:: Source data ::
..........

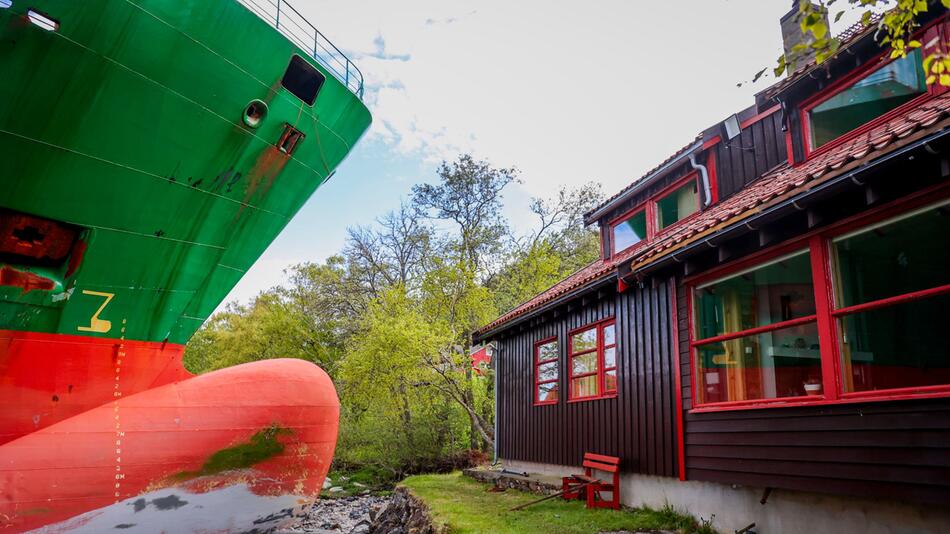 Container-Schiff läuft auf Grund und verfehlt Haus knapp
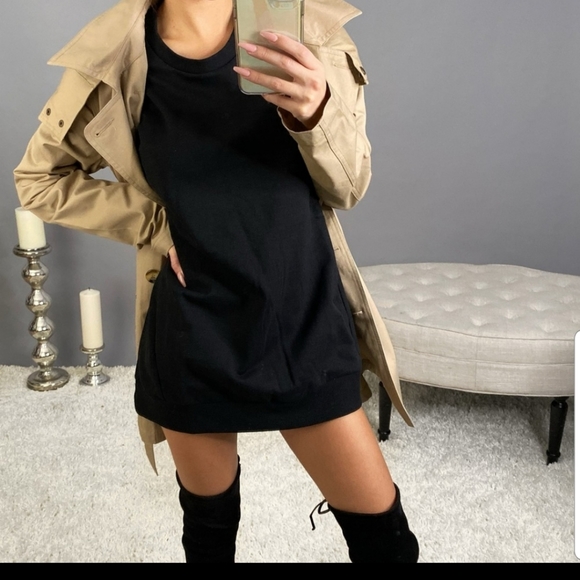 mysisterskloset Tops - Oversized sweatshirt that can be worn as a dress.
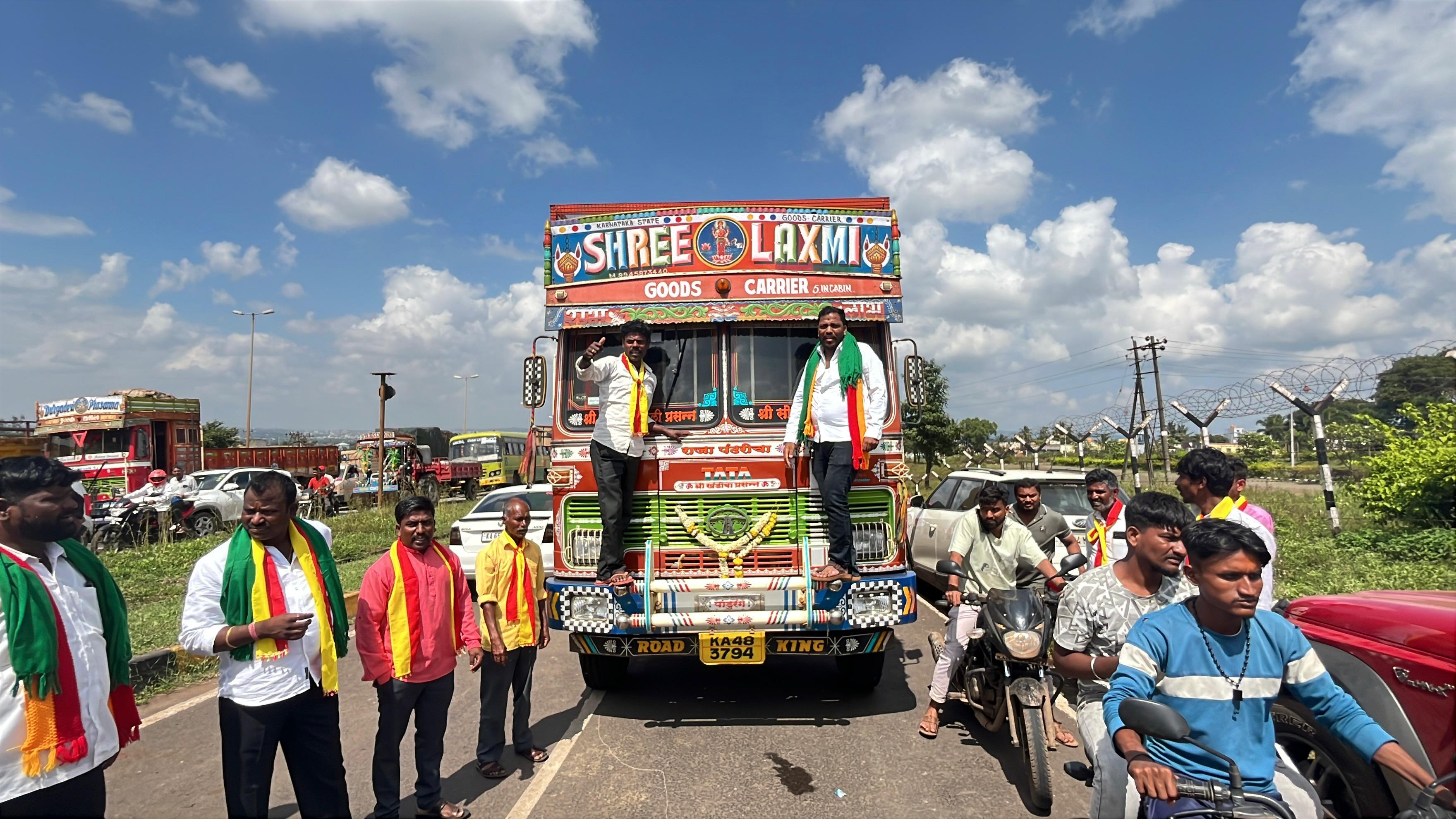 Karnataka Rakshana Vedike supports sugarcane growers' all-night protest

..........

:: Task prompt ::
Make an exact printout of the listing above, omitting the images.

:: Answer box ::
 Container-Schiff läuft auf Grund und verfehlt Haus knapp
 mysisterskloset Tops - Oversized sweatshirt that can be worn as a dress.
 Karnataka Rakshana Vedike supports sugarcane growers' all-night protest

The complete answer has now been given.